**What the task asks:** Below are records; print only the lines from the line containing "França e Espanha" to the end, both included, reproduced exactly and without the pictures.

**Records to use:**
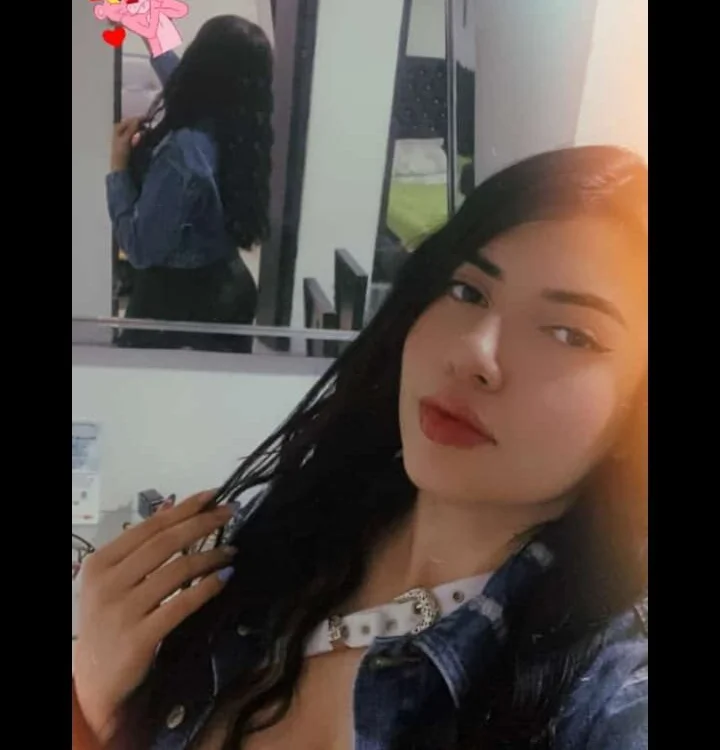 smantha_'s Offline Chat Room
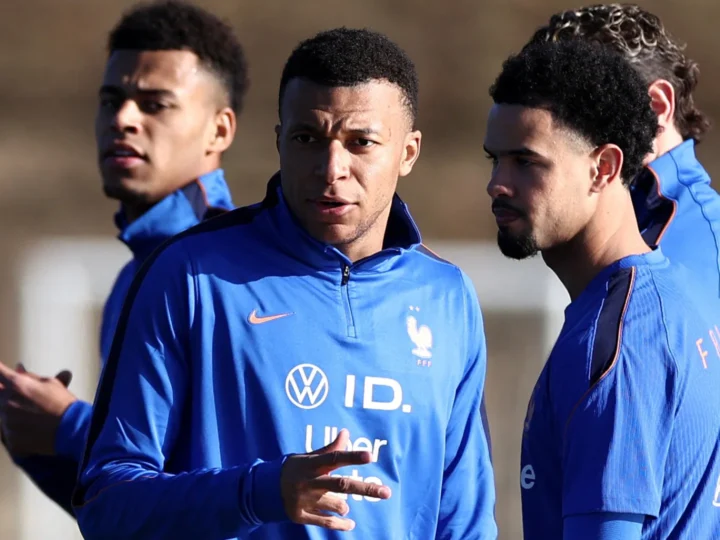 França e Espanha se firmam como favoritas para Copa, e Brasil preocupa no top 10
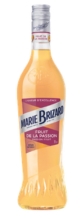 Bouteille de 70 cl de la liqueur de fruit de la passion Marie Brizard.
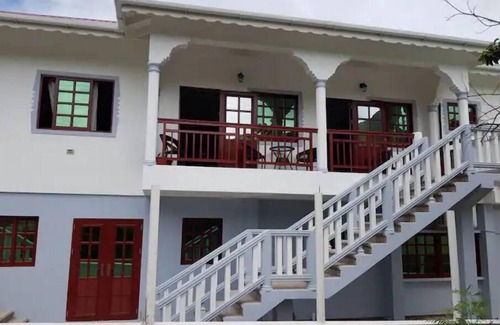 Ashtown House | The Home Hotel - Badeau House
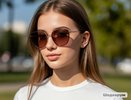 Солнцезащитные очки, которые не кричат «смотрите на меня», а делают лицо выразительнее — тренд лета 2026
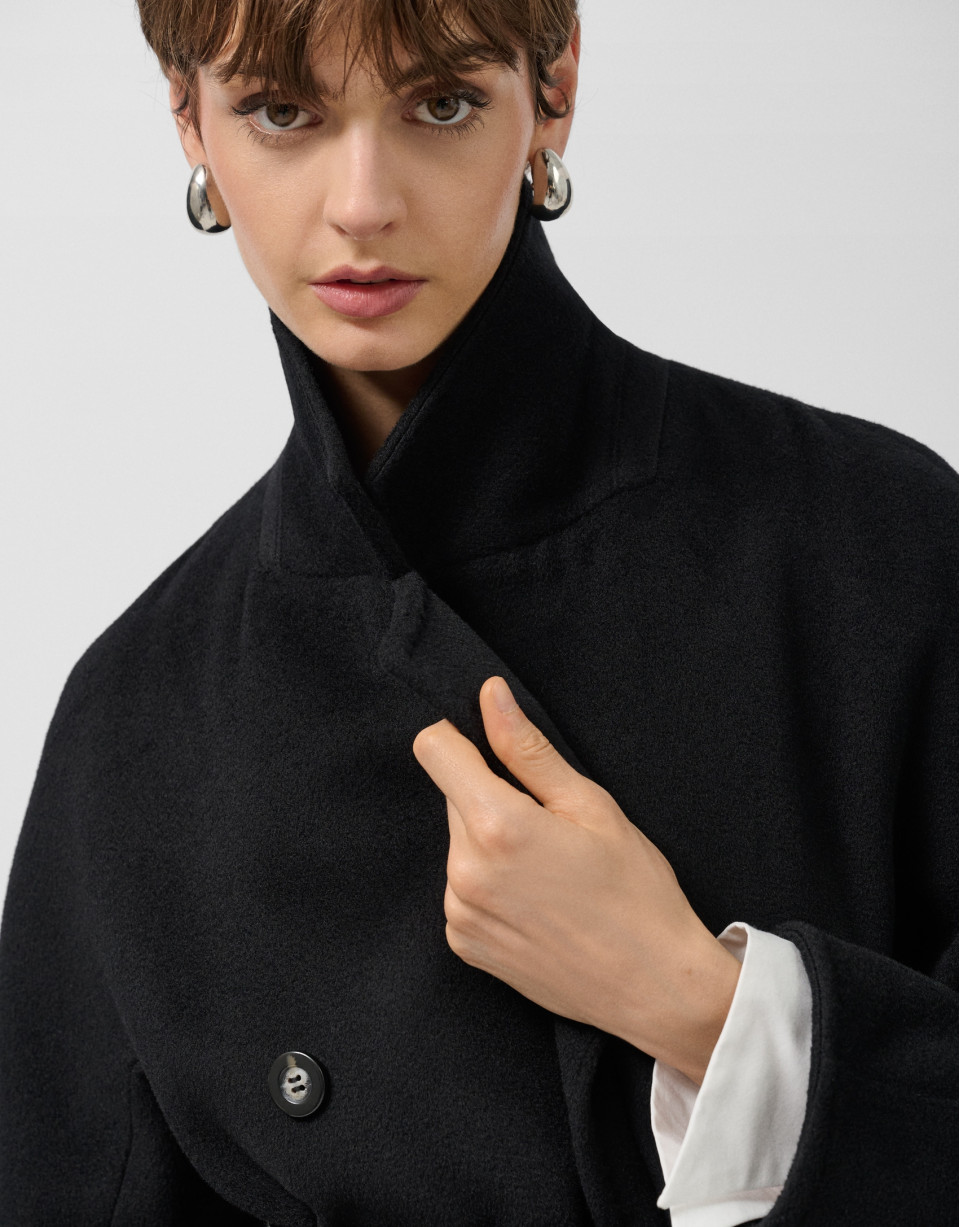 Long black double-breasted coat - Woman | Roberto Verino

**Your solution:**
 França e Espanha se firmam como favoritas para Copa, e Brasil preocupa no top 10
 Bouteille de 70 cl de la liqueur de fruit de la passion Marie Brizard.
 Ashtown House | The Home Hotel - Badeau House
 Солнцезащитные очки, которые не кричат «смотрите на меня», а делают лицо выразительнее — тренд лета 2026
 Long black double-breasted coat - Woman | Roberto Verino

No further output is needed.